Nereye gittiğimizi bilmeden, yol nereye götürürse oraya yürüdük bir süre.
Bir süre konuşmadan yürüdük. Arabaların ve insanların daha az geçtiği bir caddeye girdiğimizde dudaklarım birkaç kez aralanıp kapandı.

"Doğru kararı vermesi neden bu kadar uzun sürdü?"

Cenk şaşkın bir nefes bıraktığında derin bir iç çekiş duydum. Birkaç saniyeliğine sessizleştiğinde cevabı bilmediğini düşünmeye başlamıştım.

"Dedim ya, vakit tanımalısın, sabret. Daha birkaç gün önce tartıştınız ve sen çıkıp birden evlilik teklif ediyorsun. Sen olsan ne düşünürdün?"
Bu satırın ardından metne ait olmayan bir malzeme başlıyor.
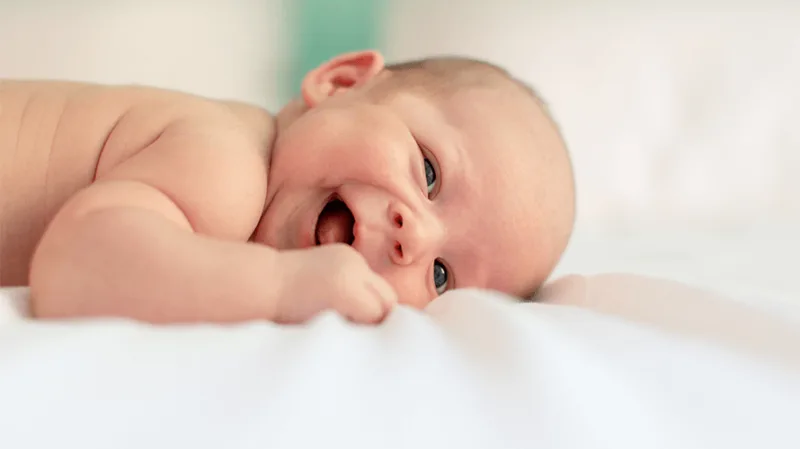 Bebe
Kendimle dalga geçercesine gülüp "Düşünmezdim," dedim. Yüzümde hüzünlü bir tebessümün izi kaldı.
"Ben onun elini düşünmeden tutardım."

"Bu seni sevmediği anlamına gelmez ki. Belki henüz evliliğe hazır hissetmiyordur kendini, olamaz mı? Hem daha çok gençsiniz, uzun yıllar var önünüzde. Sevmek için onca zamanınız var."

Kaşlarım hafifçe çatılırken yüzü gözümün önünde belirir gibi olmuştu.
Hiç çıkmıyordu aklımdan. Her an ne yaptığını, nasıl hissettiğini düşünüp duruyordum ve bu artık dayanılmaz bir hal almaya başlamıştı.

"Ya dönmezse?"

Cenk'in adımları yavaşlarken kaşlarım daha da çatıldı sanki.
"O zaman sen de önüne bakarsın Talha. Her şeyden ümidini kesmek için çok genç değil misin?"
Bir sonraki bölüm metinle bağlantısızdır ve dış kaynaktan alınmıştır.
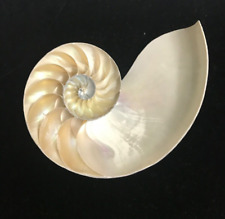 Natural polished nautilus for sale  LONDON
Bir sokak çalgıcısının birkaç adım ötesinde durduğumuzda gözlerimi etrafta gezdirdim.
Pek kimse yoktu çevrede. Birkaç kişi kaldırımda gitarıyla oturmuş adamın çevresinde durmuş onu dinliyordu.
Caddeden geçip gidenlerdeyse aceleci adımlar vardı.

"Talha."
Bade'nin ince çıkan sesini duyduğumda bir an donup kaldığımı hissettim.
Sanki kulaklarım beni yanıltıyormuş gibiydi.
Zihnimin bir oyunu muydu sesi?
Gözlerimi sesin geldiği yöne çevirdiğimde karşımda onu gördüm ve gözlerimin istemsizce büyüdüğünü hissettim.
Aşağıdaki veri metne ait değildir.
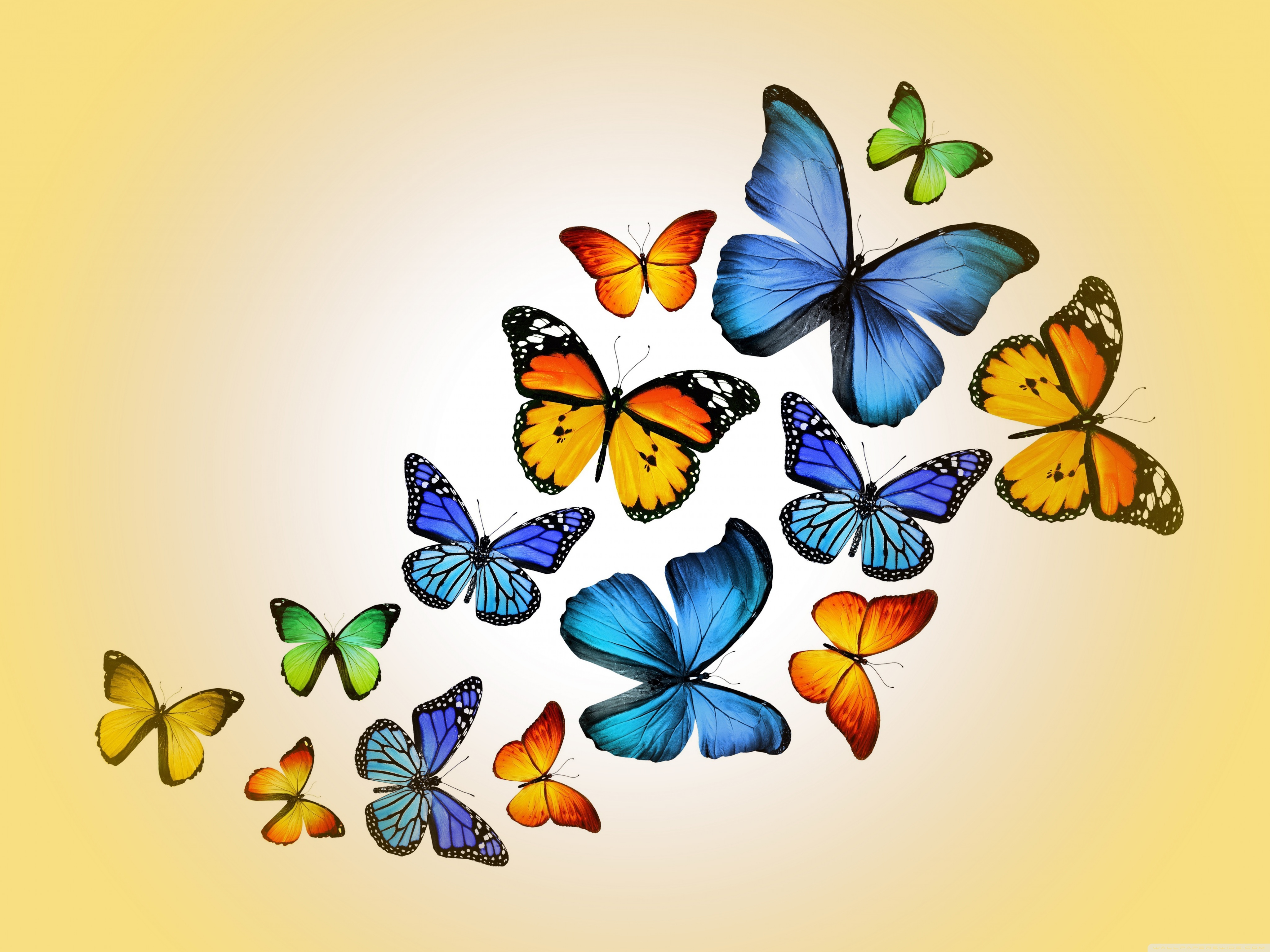 Butterflies Wallpapers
"Bade," diyebildim duygu karmaşasıyla dolu bir sesle.
Cenk'in eli omzuma gidip birkaç kez vurduğunda "Ben gidiyorum," diyerek geldiğimiz yolu dönmeye başladı.
Bu sırada gitar sesi kısa bir süreliğine kesilmişti. Bununla beraber etraftaki birkaç kişi de dağılmıştı ve tanıdık yeni bir melodi başlamıştı çalmaya.

Tesadüftü belki de burada tekrar karşılaşmamız. Tesadüfler bazen insanın yüzünü gülümsetebilirmiş.
Belki de kaderin cilvesiydi göz göze gelmemiz.

"Neden Bade, neden bu denli kafamı karıştırıyorsun? Neden nefret edemiyorum, kopamıyorum senden? Neden sürekli beni sevmediğini düşündürtüyorsun?" diye mırıldandım usulca.

Derin bir nefes alıp gözlerimin içine baktı. Sanki daha fazla kaçmak istemiyordu, yorulmuştu bu enkaza dönmüş savaş alanında oradan oraya koşturmaktan.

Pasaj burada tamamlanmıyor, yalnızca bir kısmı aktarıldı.